13 Oct 2017, 8.59 pm GMT

FERC signals flexibility on grid resiliency plan

Washington, 13 October (Argus) — The Federal Energy Regulatory Commission (FERC) is considering ways to modify a grid resiliency plan being pushed by US secretary Rick Perry that critics say would destroy wholesale power markets.

Perry has given the agency two months to act on his proposal, which would allow coal and nuclear plants in the northeast and midcontinent to recover their costs and make a profit so long as they held 90 days of on-site fuel. Owners of competing plants worry it would radically transform power markets and force customers to subsidize plants that are no longer economic to run.

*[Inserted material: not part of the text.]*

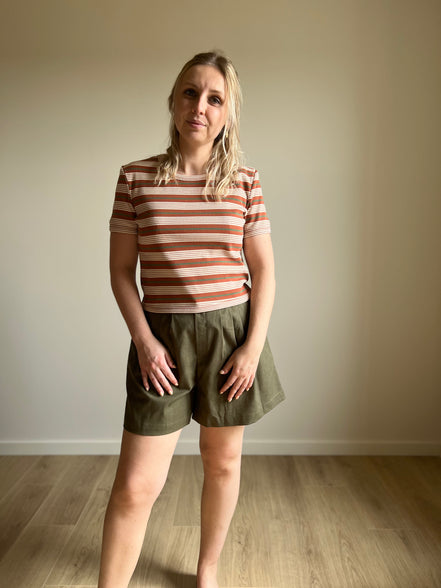 Striped rib tee - rust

FERC chairman Neil Chatterjee today said there were other ways the agency could meet its obligation to act on the plan, rather than simply approving or rejecting it within 60 days. FERC could issue an advanced notice of proposed rulemaking, offer more time for comments, request a technical conference, or take other actions.

Those options would give FERC the flexibility to value resiliency in ways other than holding 90 days of on-site fuel, a metric critics say would be unfairly discriminatory to other power plants including natural gas.

"We are looking to find a way to perhaps correct market deficiencies that are not properly valuing some of these assets, in a legally defensible manner, that does not blow up the market," Chatterjee told reporters in his public remarks on the proposal.

FERC member Cheryl LaFleur, a Democrat, last week indicated concerns with the proposal. She said she was skeptical of proposals that start by identifying a type of power plant and then worked backward to find market rules to support them. Chatterjee said he agreed with those remarks and that any solution FERC approves would be "fuel neutral."

But Chatterjee said he was "sympathetic" to concerns Perry raised about the reliability risk from the retirement of baseload power plants. Perry yesterday at a congressional hearing said his plan aimed to protect the grid against worst-case conditions, and Chatterjee today said FERC needed to take a long-term view on reliability.

Chatterjee also downplayed concerns from groups representing the natural gas industry, merchant power plants, and wind and solar companies that 60 days was not enough time for FERC to take action on the proposal.

"It is not a new issue," he said. "We have ample time to receive comments."